__Try it__:
Please repeat only the lines below starting at the line that holds "完善表观遗传学技术研发平台，赛岚医药完成近亿元A+轮融资" and ending at the line that holds "Roof Power Washing Services in Blaine, WA", exactly, with both of those lines included and every picture omitted.

__Data for the task__:
========
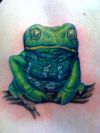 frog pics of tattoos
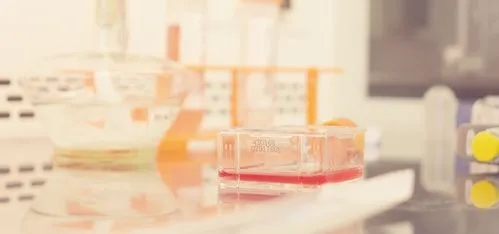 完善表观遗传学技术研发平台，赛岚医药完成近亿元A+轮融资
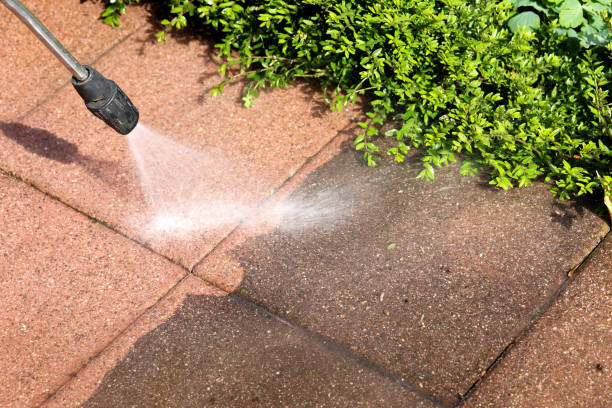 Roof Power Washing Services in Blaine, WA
========
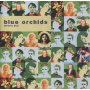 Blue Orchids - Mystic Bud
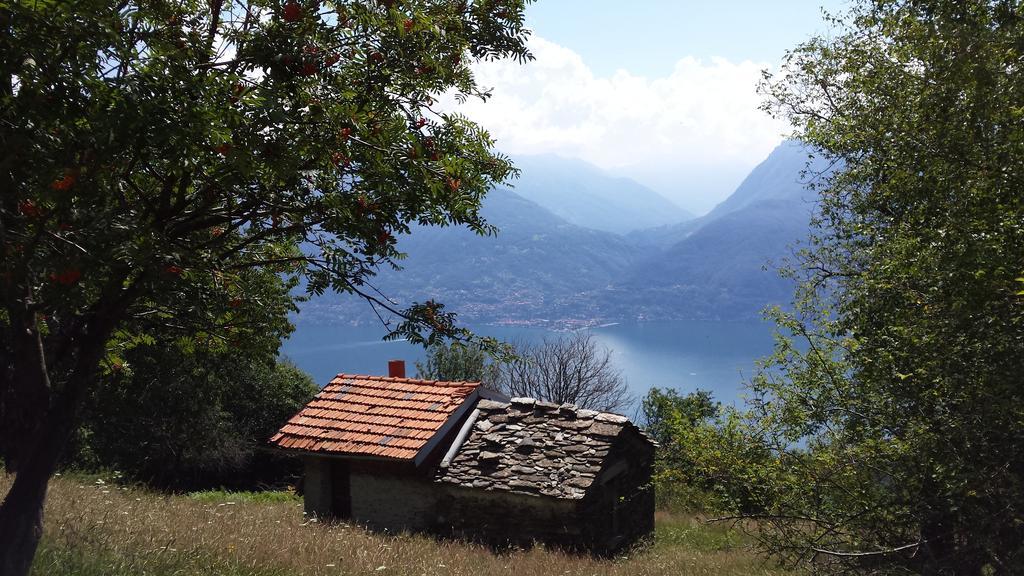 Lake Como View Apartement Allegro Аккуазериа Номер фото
========
__Response to the exercise__:
 完善表观遗传学技术研发平台，赛岚医药完成近亿元A+轮融资
 Roof Power Washing Services in Blaine, WA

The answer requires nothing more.